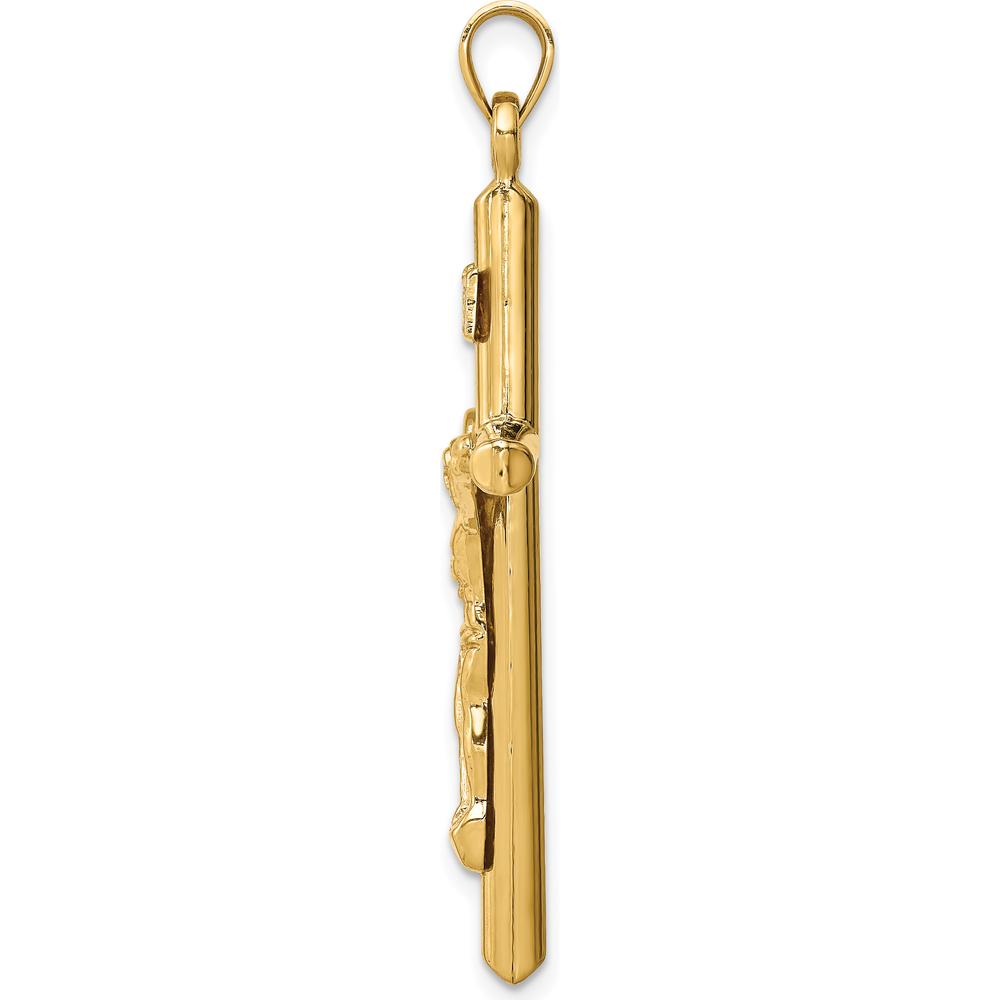 14K Yellow Gold Hollow Crucifix Pendant with INRI Inscription - Polished Finish by Oro Pregiato
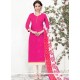 Magnificent Chanderi Hot Pink Churidar Designer Suit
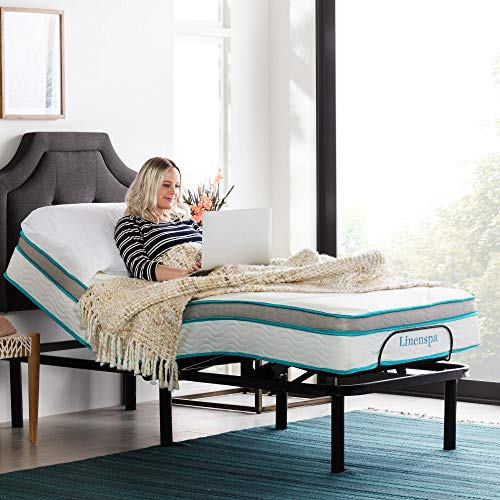 LINENSPA Adjustable Bed Base - Motorized Head and Foot Incline - Quick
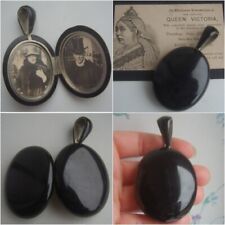 Large 3" Drop Victorian Whitby Jet Mourning Pendant Locket Contain Period Photos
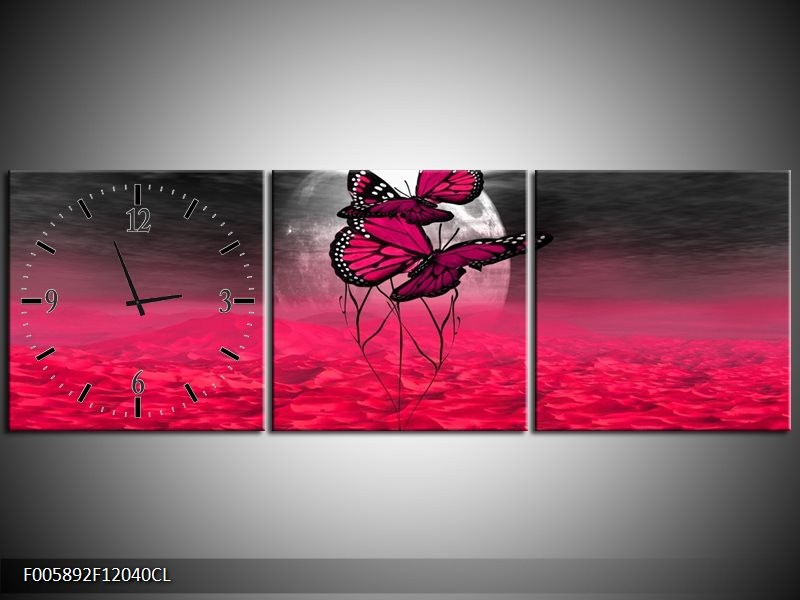 Klok schilderij Vlinder | Roze, Paars, Grijs | 120x40cm 3Luik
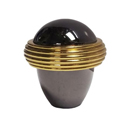 Omnia 1.25" Cabinet Knob - Black Nickel/ Polished Brass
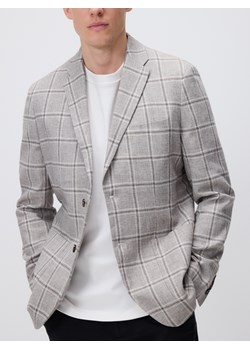 Reserved - Marynarka slim fit z lnem - beżowy ze sklepu Reserved w kategorii Marynarki męskie - zdjęcie 183853567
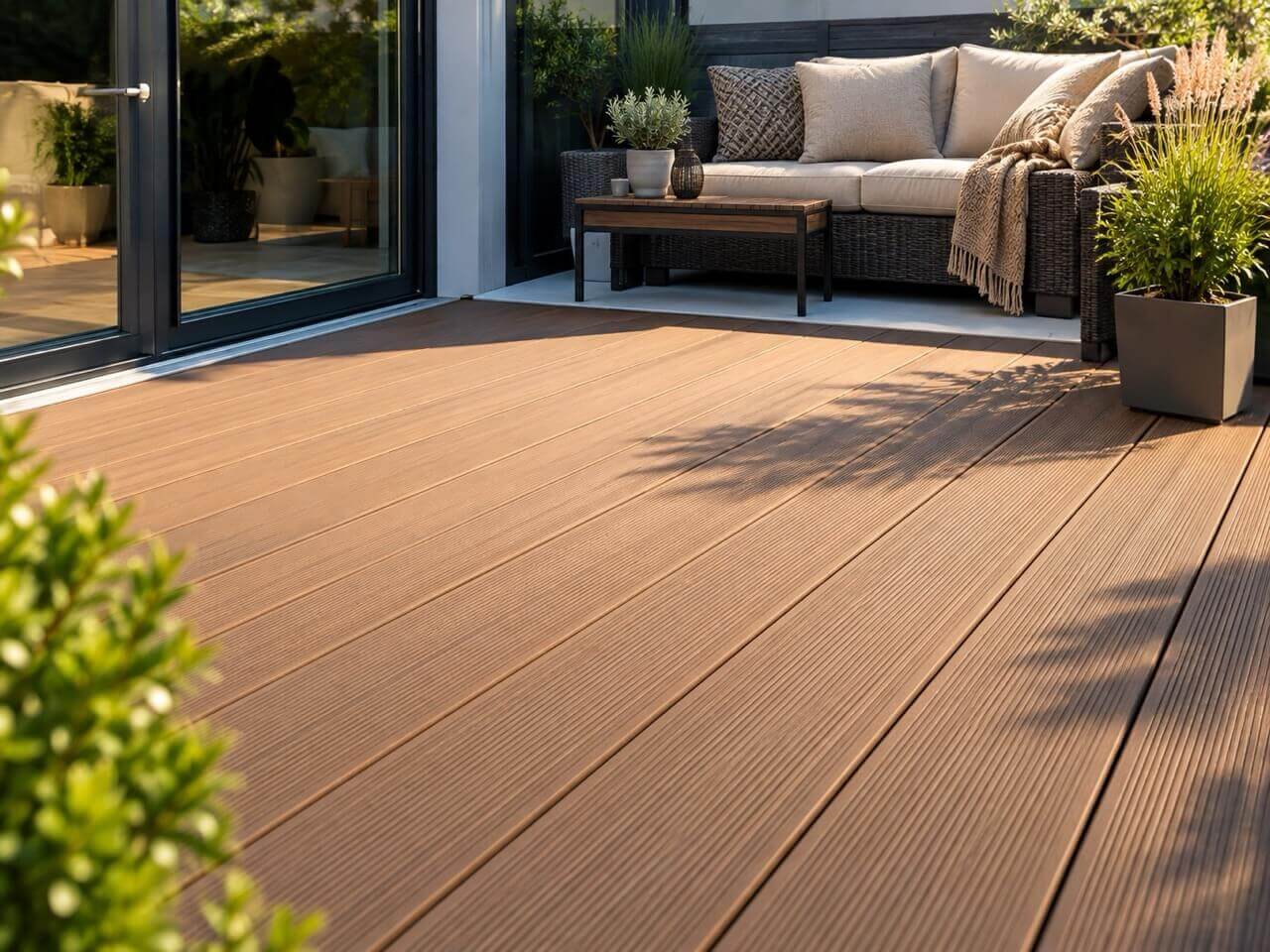 Moderne WPC-Terrasse mit Sitzbereich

=== WHAT IS EXPECTED ===
Because only the text is wanted, repeat all the entries exactly and leave out the pictures.

=== RESULT OF THE TASK ===
 14K Yellow Gold Hollow Crucifix Pendant with INRI Inscription - Polished Finish by Oro Pregiato
 Magnificent Chanderi Hot Pink Churidar Designer Suit
 LINENSPA Adjustable Bed Base - Motorized Head and Foot Incline - Quick
 Large 3" Drop Victorian Whitby Jet Mourning Pendant Locket Contain Period Photos
 Klok schilderij Vlinder | Roze, Paars, Grijs | 120x40cm 3Luik
 Omnia 1.25" Cabinet Knob - Black Nickel/ Polished Brass
 Reserved - Marynarka slim fit z lnem - beżowy ze sklepu Reserved w kategorii Marynarki męskie - zdjęcie 183853567
 Moderne WPC-Terrasse mit Sitzbereich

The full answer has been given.